◆ Your assignment ◆
Below you will find a set of lines. Repeat them all exactly.

---- Source information

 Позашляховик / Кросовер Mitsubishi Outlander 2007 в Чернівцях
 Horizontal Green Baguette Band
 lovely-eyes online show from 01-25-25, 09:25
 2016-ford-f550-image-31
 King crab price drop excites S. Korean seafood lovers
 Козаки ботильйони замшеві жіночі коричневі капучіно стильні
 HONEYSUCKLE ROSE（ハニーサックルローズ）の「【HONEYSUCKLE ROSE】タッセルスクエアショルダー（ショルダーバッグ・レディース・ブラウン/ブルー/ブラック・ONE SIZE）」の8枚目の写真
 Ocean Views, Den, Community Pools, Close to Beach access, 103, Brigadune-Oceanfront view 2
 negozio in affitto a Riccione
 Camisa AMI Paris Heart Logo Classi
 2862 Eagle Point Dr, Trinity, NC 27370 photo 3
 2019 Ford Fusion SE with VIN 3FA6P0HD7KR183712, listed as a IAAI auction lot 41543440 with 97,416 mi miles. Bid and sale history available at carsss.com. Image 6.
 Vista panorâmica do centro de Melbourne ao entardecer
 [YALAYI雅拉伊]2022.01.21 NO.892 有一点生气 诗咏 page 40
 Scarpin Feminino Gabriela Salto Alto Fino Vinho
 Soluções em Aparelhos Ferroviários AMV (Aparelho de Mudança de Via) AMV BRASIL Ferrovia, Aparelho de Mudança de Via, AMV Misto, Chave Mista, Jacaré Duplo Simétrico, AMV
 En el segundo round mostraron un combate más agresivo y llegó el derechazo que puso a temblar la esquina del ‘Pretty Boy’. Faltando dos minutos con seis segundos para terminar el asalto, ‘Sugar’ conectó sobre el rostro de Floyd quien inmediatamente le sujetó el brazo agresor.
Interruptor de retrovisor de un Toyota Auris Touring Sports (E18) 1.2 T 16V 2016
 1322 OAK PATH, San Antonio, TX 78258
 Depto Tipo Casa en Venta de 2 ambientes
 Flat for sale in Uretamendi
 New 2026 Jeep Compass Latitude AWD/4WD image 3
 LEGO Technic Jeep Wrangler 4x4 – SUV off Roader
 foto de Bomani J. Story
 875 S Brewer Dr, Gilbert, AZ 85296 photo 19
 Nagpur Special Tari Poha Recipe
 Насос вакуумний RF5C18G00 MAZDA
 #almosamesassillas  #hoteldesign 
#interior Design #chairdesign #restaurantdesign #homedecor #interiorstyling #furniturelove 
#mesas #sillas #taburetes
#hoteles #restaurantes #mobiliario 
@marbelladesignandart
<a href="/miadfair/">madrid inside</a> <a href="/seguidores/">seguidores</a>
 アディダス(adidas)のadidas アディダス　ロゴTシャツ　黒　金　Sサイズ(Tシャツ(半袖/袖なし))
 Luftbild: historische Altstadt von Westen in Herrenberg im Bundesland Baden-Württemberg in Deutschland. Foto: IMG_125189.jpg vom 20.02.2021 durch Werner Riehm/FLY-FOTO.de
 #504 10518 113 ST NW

--------

◆ Task output ◆
 Позашляховик / Кросовер Mitsubishi Outlander 2007 в Чернівцях
 Horizontal Green Baguette Band
 lovely-eyes online show from 01-25-25, 09:25
 2016-ford-f550-image-31
 King crab price drop excites S. Korean seafood lovers
 Козаки ботильйони замшеві жіночі коричневі капучіно стильні
 HONEYSUCKLE ROSE（ハニーサックルローズ）の「【HONEYSUCKLE ROSE】タッセルスクエアショルダー（ショルダーバッグ・レディース・ブラウン/ブルー/ブラック・ONE SIZE）」の8枚目の写真
 Ocean Views, Den, Community Pools, Close to Beach access, 103, Brigadune-Oceanfront view 2
 negozio in affitto a Riccione
 Camisa AMI Paris Heart Logo Classi
 2862 Eagle Point Dr, Trinity, NC 27370 photo 3
 2019 Ford Fusion SE with VIN 3FA6P0HD7KR183712, listed as a IAAI auction lot 41543440 with 97,416 mi miles. Bid and sale history available at carsss.com. Image 6.
 Vista panorâmica do centro de Melbourne ao entardecer
 [YALAYI雅拉伊]2022.01.21 NO.892 有一点生气 诗咏 page 40
 Scarpin Feminino Gabriela Salto Alto Fino Vinho
 Soluções em Aparelhos Ferroviários AMV (Aparelho de Mudança de Via) AMV BRASIL Ferrovia, Aparelho de Mudança de Via, AMV Misto, Chave Mista, Jacaré Duplo Simétrico, AMV
 En el segundo round mostraron un combate más agresivo y llegó el derechazo que puso a temblar la esquina del ‘Pretty Boy’. Faltando dos minutos con seis segundos para terminar el asalto, ‘Sugar’ conectó sobre el rostro de Floyd quien inmediatamente le sujetó el brazo agresor.
Interruptor de retrovisor de un Toyota Auris Touring Sports (E18) 1.2 T 16V 2016
 1322 OAK PATH, San Antonio, TX 78258
 Depto Tipo Casa en Venta de 2 ambientes
 Flat for sale in Uretamendi
 New 2026 Jeep Compass Latitude AWD/4WD image 3
 LEGO Technic Jeep Wrangler 4x4 – SUV off Roader
 foto de Bomani J. Story
 875 S Brewer Dr, Gilbert, AZ 85296 photo 19
 Nagpur Special Tari Poha Recipe
 Насос вакуумний RF5C18G00 MAZDA
 #almosamesassillas  #hoteldesign 
#interior Design #chairdesign #restaurantdesign #homedecor #interiorstyling #furniturelove 
#mesas #sillas #taburetes
#hoteles #restaurantes #mobiliario 
@marbelladesignandart
<a href="/miadfair/">madrid inside</a> <a href="/seguidores/">seguidores</a>
 アディダス(adidas)のadidas アディダス　ロゴTシャツ　黒　金　Sサイズ(Tシャツ(半袖/袖なし))
 Luftbild: historische Altstadt von Westen in Herrenberg im Bundesland Baden-Württemberg in Deutschland. Foto: IMG_125189.jpg vom 20.02.2021 durch Werner Riehm/FLY-FOTO.de
 #504 10518 113 ST NW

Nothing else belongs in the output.